Was ist er dann also, der Mann der sechs Jahre Medizin studierte, dann die siebenjährige Facharztausbildung zum Internisten absolvierte und sich danach noch mal neun Jahre zum Facharzt für Psychotherapeutische Medizin und Psychoanalytiker weiterbildete?

"Der Psychoanalytiker", sagt Palmowski in seiner bedächtigen Art, "ist ein absolut zuverlässiger, kompetenter, starker Partner. Jemand, der mich mit meinem Haß, meinen unerträglichen, manchmal kleinen und häßlichen Seiten verstehen kann, der es mit mir aushält."

In seiner Zeit in der Inneren Medizin machte Palmowski die Erfahrung, daß "das Seelische bei schweren Erkrankungen eine riesige Rolle spielt". Aber es ist nicht die vordringliche Aufgabe eines Internisten, sich um die Psyche des Patienten zu kümmern, damit die Kranken wieder das Leben und das Lachen und sich selbst finden.

Auf seinem Schreibtisch liegen Stethoskop und Reflex-Hammer, vor ihm ein Schreibblock, kariert.

Die Taschentücher holt er bei Bedarf aus der Schublade, ganz ruhig, fast lautlos sind seine Bewegungen dabei. Palmowski öffnet die Packung, zieht ein Tempo halb raus, reicht es dem Patienten rüber, als würde er ihm eine Zigarette anbieten. Wie ein Pflaster wirkt seine Geste, so schützend, so selbstverständlich, so stumm.

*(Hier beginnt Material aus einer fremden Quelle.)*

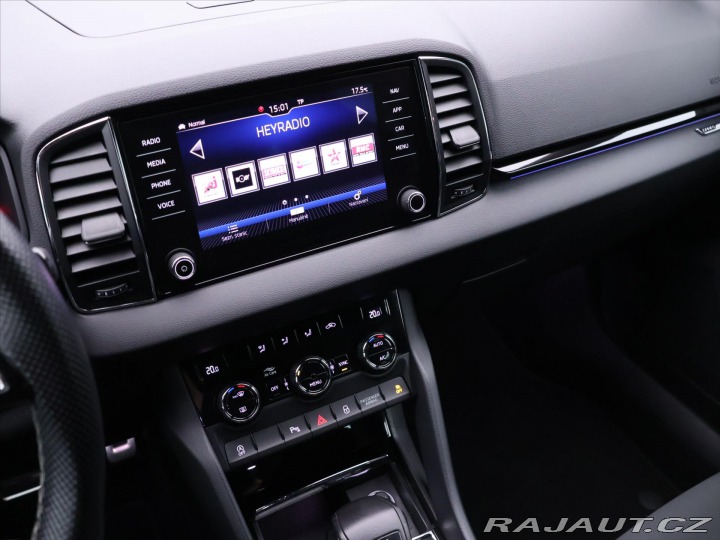 Škoda Karoq 2,0 TDI DSG Sportline Vir 2019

Er kann auch anders, sagen seine Patienten. Er kann quälen, und sie hassen ihn dafür. Das müssen sie, um wieder gesund zu werden. Der Psychoanalytiker kann damit umgehen. Das hat er gelernt, Stellvertreter zu sein für Hunderte, Tausende von Müttern, Vätern, Ehemännern, Freunden, die einen verlassen, nicht genug gestreichelt, geliebt haben.

Über der Psycho-Couch (schwarzes Leder, naturfarbene Kissen, Decke) in Palmowskis Sprechzimmer hängt ein kleines Landschafts-Aquarell.

Wenn sie hier liegen und mit dem Arzt auf die schmerzhafte Expedition in die Tiefen ihrer Seele gehen, dann wird das Bild zur Vision eines neuen, stärkeren Ichs. Es gibt ihnen Trost und Ruhe und Kraft in diesem schweren Moment, wenn sich die verkrusteten Wunden wieder öffnen.

Wie verkraftet man es so in die Menschen hineinzugucken? Ist das Liebe? Da ist einerseits die professionelle Routine, die Top-Ausbildung, meint der Arzt. Aber "da ist auch die Freude, mit Menschen umzugehen". Palmowski lächelt. "Man kann es Liebe nennen, ja."

Und wie sieht die Gefühlswelt eines Psychoanalytikers aus? Kennt er Lebenskrisen, Depressionen? "Sicher", sagt er, "nur ein Blinder weiß nicht, was Farben sind. "



Dr. med. Bernhard Palmowski ist Vorsitzender des Landesverbands Berlin-Brandenburg der Deutschen Gesellschaft für Psychosomatische Medizin und Ärztliche Psychotherapie (DGPM).